Return the line containing "Continental ContiCrossContact UHP" and every line beneath it through the end of the entries below, unchanged. Pictures stay out.

◆ **Entries shown**
____

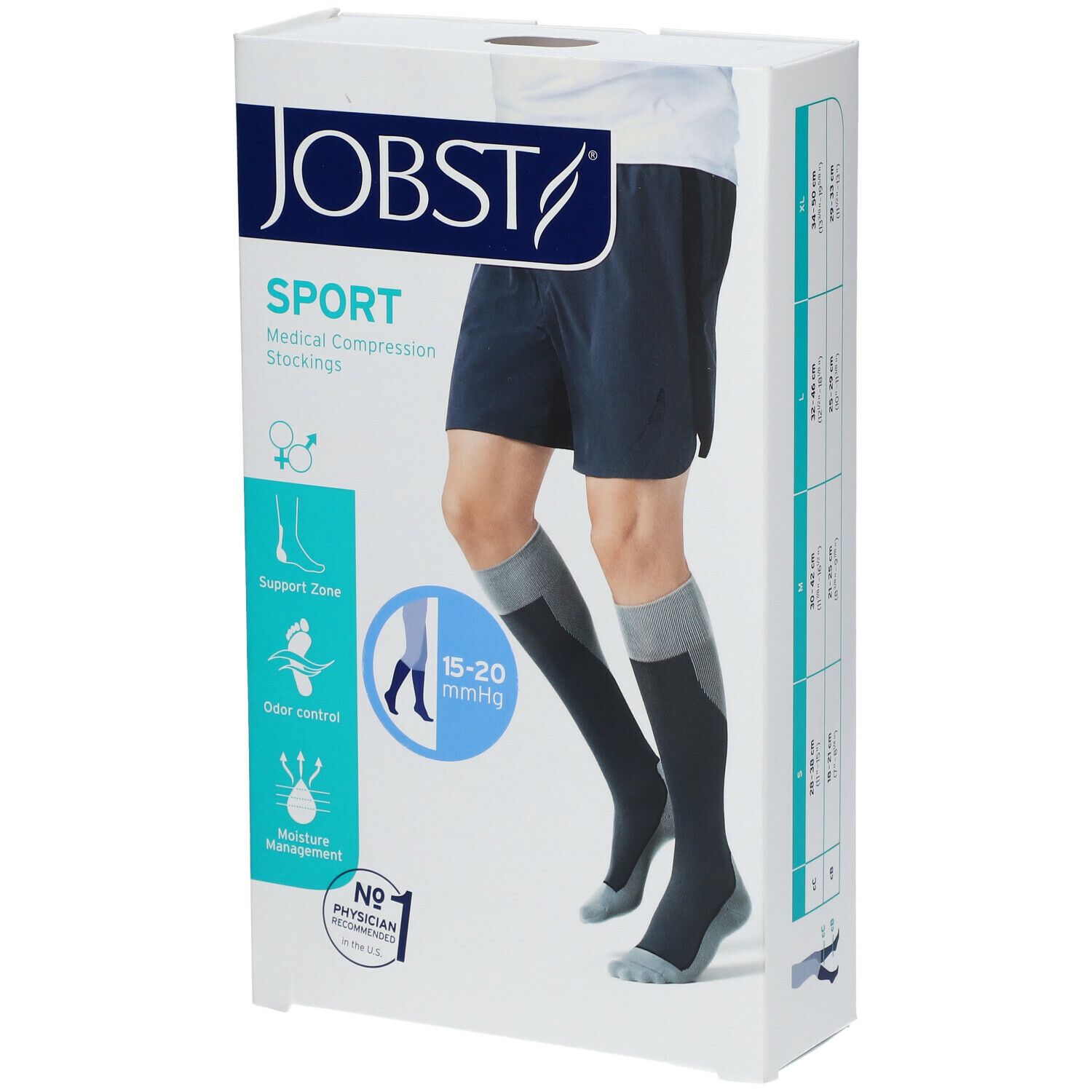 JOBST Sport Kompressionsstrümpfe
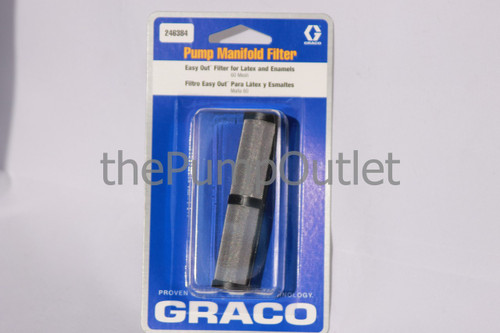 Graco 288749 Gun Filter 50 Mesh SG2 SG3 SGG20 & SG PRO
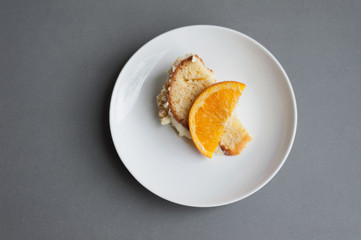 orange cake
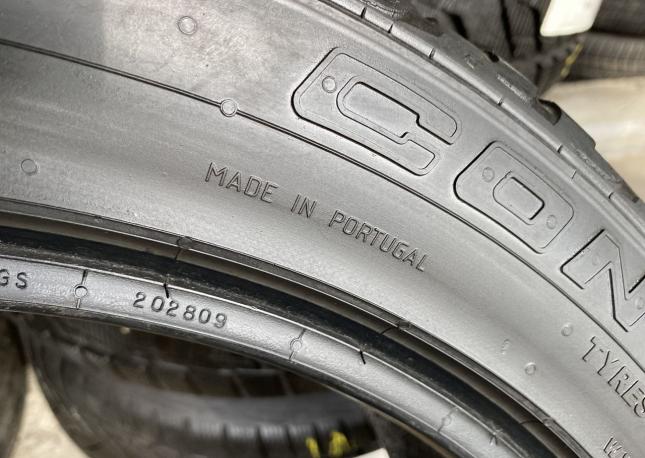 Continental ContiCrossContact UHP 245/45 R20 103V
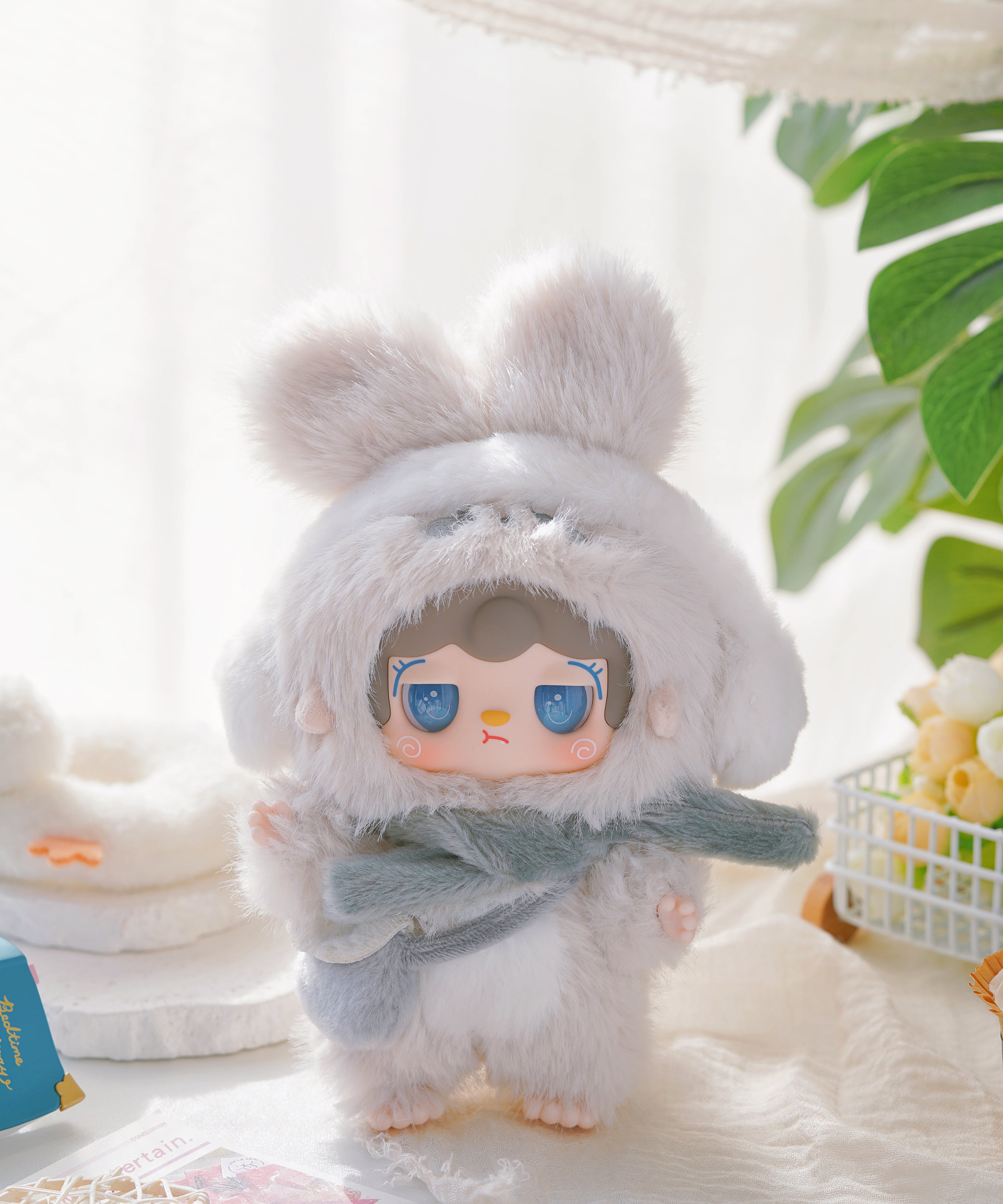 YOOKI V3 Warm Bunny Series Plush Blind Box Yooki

____

◆ **Written response**
 Continental ContiCrossContact UHP 245/45 R20 103V
 YOOKI V3 Warm Bunny Series Plush Blind Box Yooki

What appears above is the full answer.